(Dataset items)

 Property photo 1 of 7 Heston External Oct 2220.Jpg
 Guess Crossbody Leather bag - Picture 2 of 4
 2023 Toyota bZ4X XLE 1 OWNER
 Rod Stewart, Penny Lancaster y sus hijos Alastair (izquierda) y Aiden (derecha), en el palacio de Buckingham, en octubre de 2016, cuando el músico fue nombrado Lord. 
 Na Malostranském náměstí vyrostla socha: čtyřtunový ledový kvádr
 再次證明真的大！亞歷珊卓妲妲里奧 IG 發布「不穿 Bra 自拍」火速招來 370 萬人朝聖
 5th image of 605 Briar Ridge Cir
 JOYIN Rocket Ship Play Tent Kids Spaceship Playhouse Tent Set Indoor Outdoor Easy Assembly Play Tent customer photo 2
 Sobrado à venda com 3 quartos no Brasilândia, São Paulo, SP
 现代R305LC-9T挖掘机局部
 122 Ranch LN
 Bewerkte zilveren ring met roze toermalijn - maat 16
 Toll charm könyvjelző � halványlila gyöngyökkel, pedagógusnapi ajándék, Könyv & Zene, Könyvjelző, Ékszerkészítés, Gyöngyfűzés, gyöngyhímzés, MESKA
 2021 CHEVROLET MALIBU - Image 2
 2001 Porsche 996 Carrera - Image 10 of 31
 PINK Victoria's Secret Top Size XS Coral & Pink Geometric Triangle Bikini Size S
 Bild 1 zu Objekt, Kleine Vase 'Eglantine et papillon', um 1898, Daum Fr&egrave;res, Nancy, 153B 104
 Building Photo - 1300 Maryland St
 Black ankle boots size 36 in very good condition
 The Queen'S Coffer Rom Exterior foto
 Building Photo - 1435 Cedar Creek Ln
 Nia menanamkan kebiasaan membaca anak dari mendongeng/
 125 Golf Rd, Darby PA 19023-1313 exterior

#### What is required
Please transcribe exactly the line containing "The Queen'S Coffer Rom Exterior foto" and every line after it through the end of the records, and nothing else.

#### Exercise result
 The Queen'S Coffer Rom Exterior foto
 Building Photo - 1435 Cedar Creek Ln
 Nia menanamkan kebiasaan membaca anak dari mendongeng/
 125 Golf Rd, Darby PA 19023-1313 exterior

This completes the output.